The rotational operator is nothing more than a symbol to identify a quantity is an equivalent space quantity, rather than a normal space quantity.

Larson considers the time region as a 2-dimensional region, where space (s) is replaced by time (1/t), so speed (s/t) becomes ((1/t)/t) = 1/t². I've always had a problem with that explanation, because motion is a relation of space TO time, not of unity to time. So "space" is still in there, just fixed at a unit value. So it is still an s/t speed, where s=1 and t varies. BUT, it inside the time region, a unit-sized bubble that contains ALL of time, from zero to infinity. This is what the Chinese Taoists call the yin-side (inside).

In the linear, outside region, one can run a straight line from zero to infinity. Take that same line, and stick it on the yin-side, and you end up with a circumference, where zero and infinity coincide over a unit distance. This gives rise to Nehru's concept of a "bounded region" that repeats, either as a simple, harmonic motion or a rotation. This projection of a straight line onto a circumference is the equivalent space, requiring TWO spatial dimensions to represent a single, angular velocity inside the time region.

The concept of "dimension" is also misunderstood. s³ is just (s x s x s), or in a geometric notation, a location of (s,s,s). The "cubed" exponent is just giving the number of coordinates required to express an object, geometrically. t² is just the coordinate, (t,t). We get away with being able to use an exponent because the numerical value for the variable (s or t) is the same for each coordinate in the set. If the variable did not have the same magnitude, then you would have to represent them as a coordinate set, for example: (1s, 4s, 3s) is not the same location as s³, and (2t,1t) is not the same location as t².

This is what gave rise to the necessity of imaginary numbers and complex quantities, because the complex quantity is a pair of coordinates that represent a 2^nd-power function, which cannot be expressed as a simple, single-variable exponent.

Magnetism demonstrates this, as a consequence of this "space + equivalent space" structure. Magnetism is not 2-dimensional, but rather a 1-dimensional temporal displacement being observed and measured in the 2-dimensional region of equivalent space, and therefore easily represented by the rotational operator (the imaginary quantity that appears throughout electronics). Technically, magnetism is a 1D angular velocity because it is the expression of a 1D motion in time--the yin aspect--that is projected as 2D because we are measuring magnetism in the only place we can measure it: equivalent space, which translates that 1D yin speed into a 2D yang rotation.

That is why the imaginary operator is rotational--the underlying temporal speed is NOT rotational nor linear, it is just magnitude.
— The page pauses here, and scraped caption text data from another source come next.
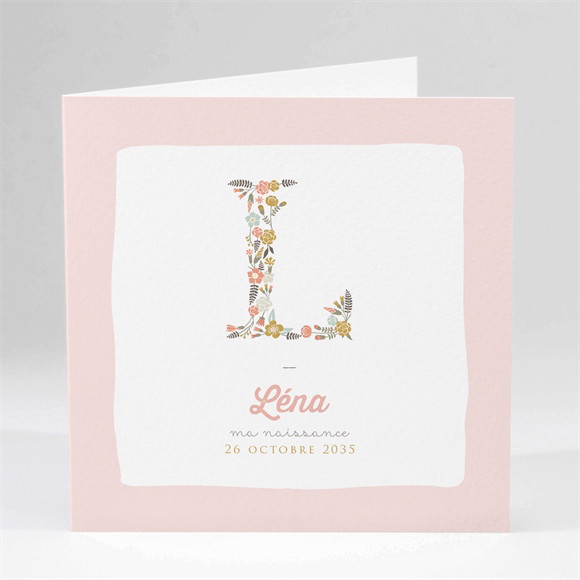 Faire-part naissance Alphabet en fantaisie réf.N451107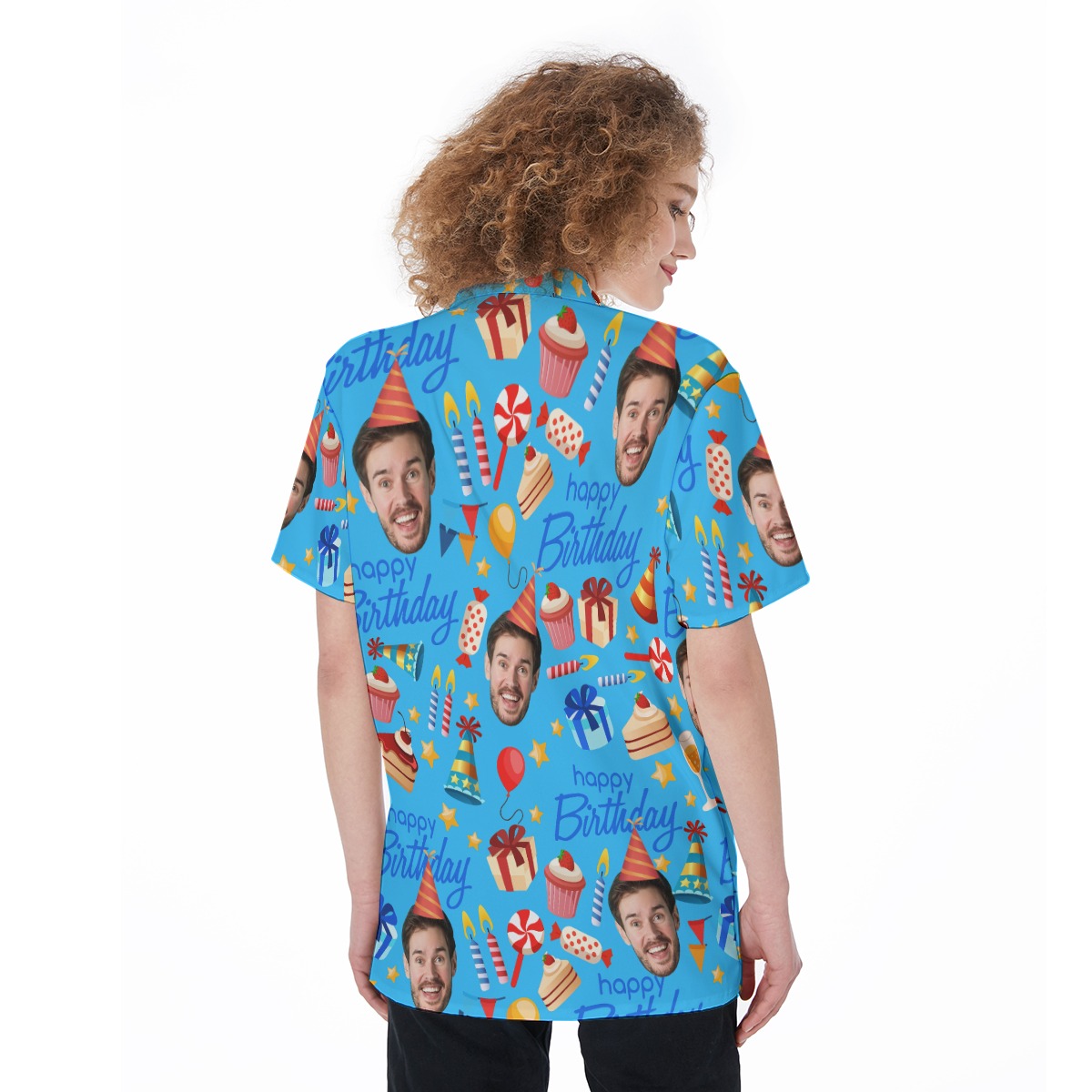 Custom Face Happy Birthday Theme Hawaiian Shirt For Women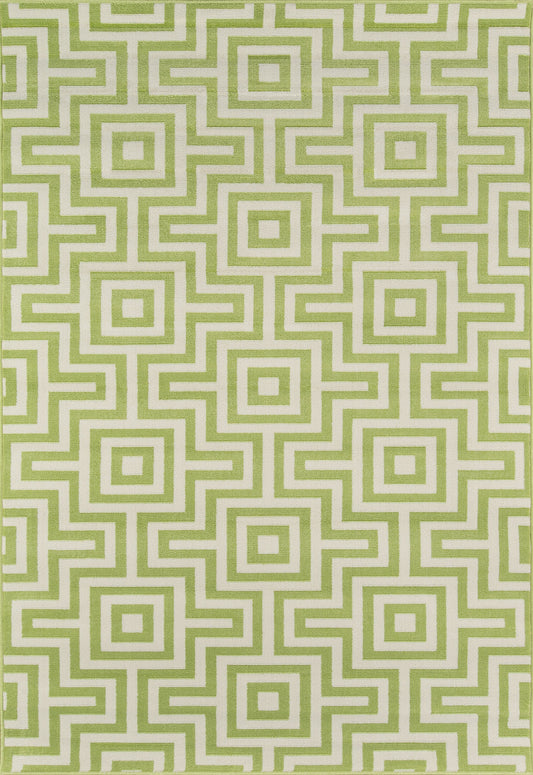 Lime green and white geometric rug with concentric square maze pattern, modern minimalist decor.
That speed is observed as a complex quantity in space, with the imaginary part being the yang shadow of the yin temporal motion, not the motion itself.

There is a consequence of this line of thought: time and the clock are two, different concepts, that are used by the consciousness of the observer to convert speed into distance and duration.
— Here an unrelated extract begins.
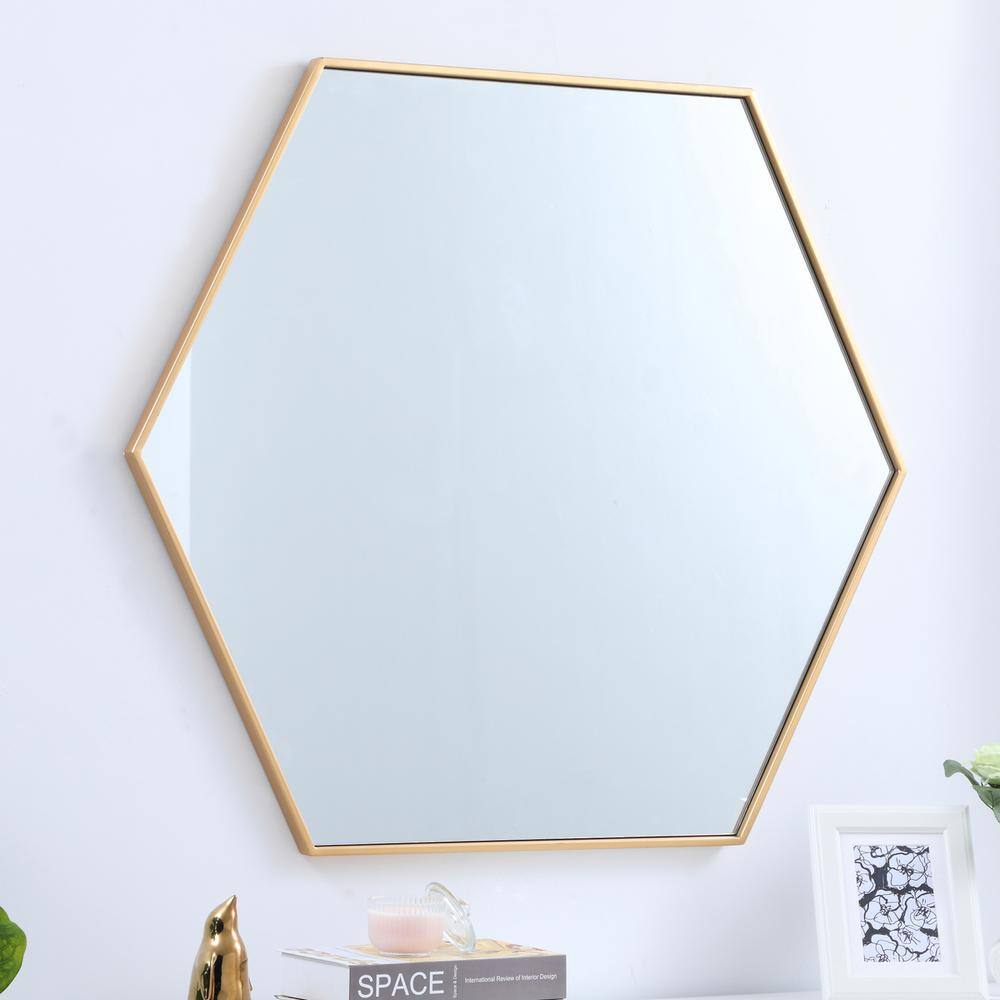 Alt View 8. Elegant Decor - Metal frame hexagon mirror 41 inch in Brass - Brass.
Consciousness is responsible for things like unit speed, the unit space boundary, and the unit time boundary. This explains the clock function--it is the normalization of Euclidean projection to an absolute scale of unity. The time region, for example, has space fixed at unity and time varies... but that is not a true picture. It is just motion, ns/mt. Our consciousness is normalizing the numerator from "n" to "1", and the scale factor to do that is what we call clock time. (To normalize speed, s/t to distance, time must be factored out. Hence, clock time becomes the scale factor, t/1, so when multiplied by speeds s/t... s/t x t/1 = s. Speed becomes distance. The same holds true for energy, t/s, which is normalized by clock space, s/1... t/s x s/1 = t. Energy becomes duration. The unit speed boundary is where clock time meets clock space. Also notice that the "clock" units are the reciprocal of the "regions" (time region, 1/t, and space region, 1/s).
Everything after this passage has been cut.